EXERCISE BRIEF :: Identify every line in the records below that contains the word "show", and copy each of those lines.

RECORDED INFORMATION ::
---------------

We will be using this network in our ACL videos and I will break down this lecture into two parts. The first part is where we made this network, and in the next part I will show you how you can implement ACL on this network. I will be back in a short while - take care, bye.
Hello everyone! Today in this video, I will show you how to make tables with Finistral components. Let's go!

---------------

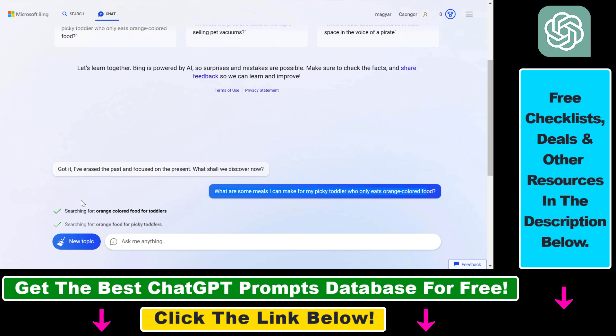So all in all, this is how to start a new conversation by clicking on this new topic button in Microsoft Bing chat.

---------------

EXERCISE SOLUTION ::
We will be using this network in our ACL videos and I will break down this lecture into two parts. The first part is where we made this network, and in the next part I will show you how you can implement ACL on this network. I will be back in a short while - take care, bye.
Hello everyone! Today in this video, I will show you how to make tables with Finistral components. Let's go!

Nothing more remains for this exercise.